Individual differences in human-computer interaction

Technical devices can be used most effectively to support learning processes if they take into account that different people use them in different ways. I am particularly interested in how user-related factors such as age, gender, affinity for technology or neurodiversity influence human-technology interaction and interplay with system characteristics. The resulting evidence can benefit the design of assistive technologies.

Supporting socio-emotional interaction in autism (2021 – present)
Being part of daily work situations can be challenging for people with neurodiverse perception and interpretation of socio-emotional interactions, being highly prevalent, e.g., in autism. By developing a novel training system, building up competences in the understanding of own and other emotional states should be supported. The system captures brain signals and converts derived emotional states into tangible sensory perceptions. A tactile output enables to understand the emotional state of oneself and the interacting counterpart. A virtual environment provides a safe training space that can precisely support users’ needs. Our approach aims at contributing to social awareness and promoting empathy and mutual understanding in society.

Memory training with a virtual agent (reported in Wirzberger et al., 2019)

Delayed system response in a virtual memory training (2016 – 2018)
In an interdisciplinary cooperation with colleagues from the chair of Computer Engineering and the chair of Computer Graphics and Visualization at the TU Chemnitz, we developed a computer-based memory training.
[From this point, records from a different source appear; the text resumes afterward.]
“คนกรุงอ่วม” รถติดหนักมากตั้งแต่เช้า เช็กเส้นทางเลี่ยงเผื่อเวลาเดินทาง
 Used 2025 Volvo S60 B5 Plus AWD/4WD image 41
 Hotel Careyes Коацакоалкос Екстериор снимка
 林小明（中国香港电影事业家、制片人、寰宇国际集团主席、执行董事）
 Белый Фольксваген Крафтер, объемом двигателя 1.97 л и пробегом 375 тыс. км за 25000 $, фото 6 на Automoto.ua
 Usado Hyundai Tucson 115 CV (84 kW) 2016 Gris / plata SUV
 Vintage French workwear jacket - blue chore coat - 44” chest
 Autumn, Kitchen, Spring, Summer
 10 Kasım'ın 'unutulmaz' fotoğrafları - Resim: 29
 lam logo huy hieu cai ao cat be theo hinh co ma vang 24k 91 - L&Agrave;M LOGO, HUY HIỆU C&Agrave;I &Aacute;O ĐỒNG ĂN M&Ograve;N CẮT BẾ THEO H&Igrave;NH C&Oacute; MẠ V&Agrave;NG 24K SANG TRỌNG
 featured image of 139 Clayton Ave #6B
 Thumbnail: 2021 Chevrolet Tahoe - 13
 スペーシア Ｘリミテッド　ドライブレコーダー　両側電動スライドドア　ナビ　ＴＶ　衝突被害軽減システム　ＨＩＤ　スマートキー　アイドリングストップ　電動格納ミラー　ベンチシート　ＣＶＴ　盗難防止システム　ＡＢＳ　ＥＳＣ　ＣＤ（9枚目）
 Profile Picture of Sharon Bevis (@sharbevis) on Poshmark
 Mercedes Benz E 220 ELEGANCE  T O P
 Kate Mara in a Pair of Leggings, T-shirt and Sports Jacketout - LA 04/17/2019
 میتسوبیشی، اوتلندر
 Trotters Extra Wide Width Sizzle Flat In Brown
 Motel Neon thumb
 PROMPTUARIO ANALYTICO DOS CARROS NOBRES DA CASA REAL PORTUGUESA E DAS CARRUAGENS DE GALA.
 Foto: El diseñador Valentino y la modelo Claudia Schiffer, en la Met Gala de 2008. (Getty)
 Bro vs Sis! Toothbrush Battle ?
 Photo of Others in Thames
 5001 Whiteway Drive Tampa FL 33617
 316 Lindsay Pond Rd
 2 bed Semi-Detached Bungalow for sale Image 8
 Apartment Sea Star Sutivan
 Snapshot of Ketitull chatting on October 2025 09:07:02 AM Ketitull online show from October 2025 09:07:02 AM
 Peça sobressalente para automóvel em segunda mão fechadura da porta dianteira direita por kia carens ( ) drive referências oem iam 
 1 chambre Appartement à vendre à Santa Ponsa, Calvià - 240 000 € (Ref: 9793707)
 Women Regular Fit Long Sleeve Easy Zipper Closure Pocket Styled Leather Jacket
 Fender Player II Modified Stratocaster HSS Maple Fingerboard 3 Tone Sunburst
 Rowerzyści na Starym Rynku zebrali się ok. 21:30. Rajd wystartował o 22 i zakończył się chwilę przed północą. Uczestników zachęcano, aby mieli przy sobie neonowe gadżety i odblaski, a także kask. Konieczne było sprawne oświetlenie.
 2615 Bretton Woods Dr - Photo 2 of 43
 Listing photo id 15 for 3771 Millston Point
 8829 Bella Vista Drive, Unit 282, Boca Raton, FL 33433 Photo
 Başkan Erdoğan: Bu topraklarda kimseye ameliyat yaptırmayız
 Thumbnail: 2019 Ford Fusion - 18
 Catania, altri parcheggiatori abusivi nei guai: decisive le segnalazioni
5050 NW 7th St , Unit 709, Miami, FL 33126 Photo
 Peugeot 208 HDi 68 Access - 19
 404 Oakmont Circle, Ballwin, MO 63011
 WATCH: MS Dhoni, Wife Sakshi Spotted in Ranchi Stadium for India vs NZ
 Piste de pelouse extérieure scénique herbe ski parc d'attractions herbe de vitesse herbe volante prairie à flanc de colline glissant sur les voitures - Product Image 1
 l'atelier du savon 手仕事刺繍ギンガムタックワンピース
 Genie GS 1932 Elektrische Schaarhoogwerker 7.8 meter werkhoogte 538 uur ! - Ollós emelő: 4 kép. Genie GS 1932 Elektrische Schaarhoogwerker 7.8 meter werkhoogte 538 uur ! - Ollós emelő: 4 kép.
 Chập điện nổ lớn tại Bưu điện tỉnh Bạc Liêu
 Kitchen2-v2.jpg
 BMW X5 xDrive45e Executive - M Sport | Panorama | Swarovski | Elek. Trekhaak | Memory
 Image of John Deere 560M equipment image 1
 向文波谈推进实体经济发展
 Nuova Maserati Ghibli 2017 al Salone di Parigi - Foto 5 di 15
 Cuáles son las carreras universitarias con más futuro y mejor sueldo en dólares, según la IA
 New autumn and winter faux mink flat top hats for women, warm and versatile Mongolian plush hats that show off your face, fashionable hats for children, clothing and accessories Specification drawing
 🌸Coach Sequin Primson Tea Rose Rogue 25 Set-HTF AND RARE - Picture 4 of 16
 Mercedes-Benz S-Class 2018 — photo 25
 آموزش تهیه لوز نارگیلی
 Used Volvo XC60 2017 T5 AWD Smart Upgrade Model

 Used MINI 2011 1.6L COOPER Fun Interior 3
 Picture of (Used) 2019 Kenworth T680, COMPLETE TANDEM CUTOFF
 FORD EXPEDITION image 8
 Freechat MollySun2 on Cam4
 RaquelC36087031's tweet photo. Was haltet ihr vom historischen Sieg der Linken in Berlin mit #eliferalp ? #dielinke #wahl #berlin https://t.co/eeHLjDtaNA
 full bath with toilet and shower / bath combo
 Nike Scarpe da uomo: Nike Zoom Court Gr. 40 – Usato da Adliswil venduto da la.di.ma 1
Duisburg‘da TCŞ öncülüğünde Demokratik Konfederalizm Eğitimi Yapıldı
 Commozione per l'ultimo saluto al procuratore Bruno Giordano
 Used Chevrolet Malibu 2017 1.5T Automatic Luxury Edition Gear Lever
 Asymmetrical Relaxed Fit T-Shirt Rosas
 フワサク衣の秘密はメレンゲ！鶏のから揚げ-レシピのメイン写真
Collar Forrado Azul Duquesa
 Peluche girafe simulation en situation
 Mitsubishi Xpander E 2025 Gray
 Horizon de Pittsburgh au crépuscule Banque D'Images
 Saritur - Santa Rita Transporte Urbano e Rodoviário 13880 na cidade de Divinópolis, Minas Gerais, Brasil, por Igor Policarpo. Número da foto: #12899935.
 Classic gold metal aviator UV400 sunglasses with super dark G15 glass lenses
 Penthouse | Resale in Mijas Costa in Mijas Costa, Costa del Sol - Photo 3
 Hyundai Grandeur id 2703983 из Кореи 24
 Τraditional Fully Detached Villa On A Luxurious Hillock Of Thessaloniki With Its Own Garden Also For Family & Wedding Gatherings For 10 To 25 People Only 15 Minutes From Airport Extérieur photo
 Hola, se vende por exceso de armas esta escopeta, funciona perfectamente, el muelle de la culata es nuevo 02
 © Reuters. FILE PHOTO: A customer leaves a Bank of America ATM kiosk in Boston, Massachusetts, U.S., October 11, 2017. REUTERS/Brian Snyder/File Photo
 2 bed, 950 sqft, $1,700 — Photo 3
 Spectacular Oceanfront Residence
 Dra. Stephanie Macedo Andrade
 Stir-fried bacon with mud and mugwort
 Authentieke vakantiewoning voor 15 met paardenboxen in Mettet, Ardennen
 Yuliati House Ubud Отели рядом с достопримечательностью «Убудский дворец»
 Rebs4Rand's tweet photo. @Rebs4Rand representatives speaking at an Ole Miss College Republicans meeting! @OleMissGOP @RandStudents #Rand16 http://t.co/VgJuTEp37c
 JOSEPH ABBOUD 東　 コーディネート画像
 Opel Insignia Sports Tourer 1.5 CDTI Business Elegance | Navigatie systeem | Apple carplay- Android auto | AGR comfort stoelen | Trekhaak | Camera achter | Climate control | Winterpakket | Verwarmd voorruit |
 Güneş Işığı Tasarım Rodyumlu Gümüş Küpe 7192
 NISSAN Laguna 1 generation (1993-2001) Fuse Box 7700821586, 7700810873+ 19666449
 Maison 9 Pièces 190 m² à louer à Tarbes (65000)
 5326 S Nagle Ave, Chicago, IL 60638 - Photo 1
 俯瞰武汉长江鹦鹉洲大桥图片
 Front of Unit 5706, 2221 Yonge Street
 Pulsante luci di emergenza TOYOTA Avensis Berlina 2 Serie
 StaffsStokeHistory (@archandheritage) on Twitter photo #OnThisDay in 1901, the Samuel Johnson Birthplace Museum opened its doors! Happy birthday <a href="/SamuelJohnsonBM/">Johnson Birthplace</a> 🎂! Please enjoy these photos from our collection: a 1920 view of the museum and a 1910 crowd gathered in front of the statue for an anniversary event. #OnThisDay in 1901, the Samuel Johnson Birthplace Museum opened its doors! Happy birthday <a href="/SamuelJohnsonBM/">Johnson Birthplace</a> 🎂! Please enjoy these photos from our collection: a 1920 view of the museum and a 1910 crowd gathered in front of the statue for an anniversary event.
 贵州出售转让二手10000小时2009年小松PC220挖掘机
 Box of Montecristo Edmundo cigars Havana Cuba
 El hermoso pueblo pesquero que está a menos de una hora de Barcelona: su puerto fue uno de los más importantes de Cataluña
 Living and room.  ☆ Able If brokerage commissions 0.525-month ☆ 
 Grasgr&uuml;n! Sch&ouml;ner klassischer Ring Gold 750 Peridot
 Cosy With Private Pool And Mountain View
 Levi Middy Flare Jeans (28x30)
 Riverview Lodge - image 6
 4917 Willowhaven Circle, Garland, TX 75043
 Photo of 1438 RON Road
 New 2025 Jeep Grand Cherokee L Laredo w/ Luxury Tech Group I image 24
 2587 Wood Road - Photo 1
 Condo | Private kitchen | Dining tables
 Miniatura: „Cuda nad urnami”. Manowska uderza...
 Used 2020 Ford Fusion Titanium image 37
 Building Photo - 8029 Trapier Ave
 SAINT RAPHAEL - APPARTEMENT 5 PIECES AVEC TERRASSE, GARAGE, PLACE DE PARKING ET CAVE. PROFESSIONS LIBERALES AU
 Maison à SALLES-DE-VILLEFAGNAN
It is operated via spoken dialogues, teaches the well-known “method of loci” (also known as “memory palace technique”) and features a virtual agent as a trainer. It served as a use-case for testing effects of system-induced delays on cognitive performance while taking into account individual differences. We explored the emerging effects in two Wizard-of-Oz studies with students (Wirzberger, Schmidt, Rey, & Hardt, 2017) and elderly participants (Wirzberger, Schmidt, Georgi, Hardt, Brunnett, & Rey, 2019). Results indicate a trade-off between individual preferences and cognitive effects when obtaining optimal system response times. Next steps involve the test of alternative training scenarios, the technical implementation, and comprehensive user tests with the working system.

Related publications

  • *Wirzberger, M., *Schmidt, R., Georgi, M., Hardt, W., Brunnett, G., & Rey, G. D. (2019). Effects of system response delays on elderly humans’ cognitive performance in a virtual training scenario. Scientific Reports, 9:8291. *Authors share first authorship
  • Wirzberger, M., Schmidt, R., Georgi, M., Hardt, W., Brunnett, G., & Rey, G. D. (2018). Influences of system response delay on elderly participants’ performance in a virtual memory training. In R. Wiczorek, D. Manzey, L. Onnasch, K. Brookhuis, A. Toffetti, & D. de Waard (Eds.), Annual Meeting of the Europe Chapter of the Human Factors and Ergonomics Society 2018, Technology for an Aging Society, Book of Abstracts (p. 42). Berlin.
  • Wirzberger, M., Schmidt, R., Rey, G. D., & Hardt, W. (2017). Auswirkung systeminduzierter Delays auf die menschliche Gedächtnisleistung in einem virtuellen agentenbasierten Trainingssetting [Influence of system-induced delays on human memory performance in a virtual agent-based training scenario]. In M. Eibl, & M. Gaedke (Eds.). INFORMATIK 2017, Lecture Notes in Informatics (LNI) (pp. 2287-2294). Bonn: Gesellschaft für Informatik.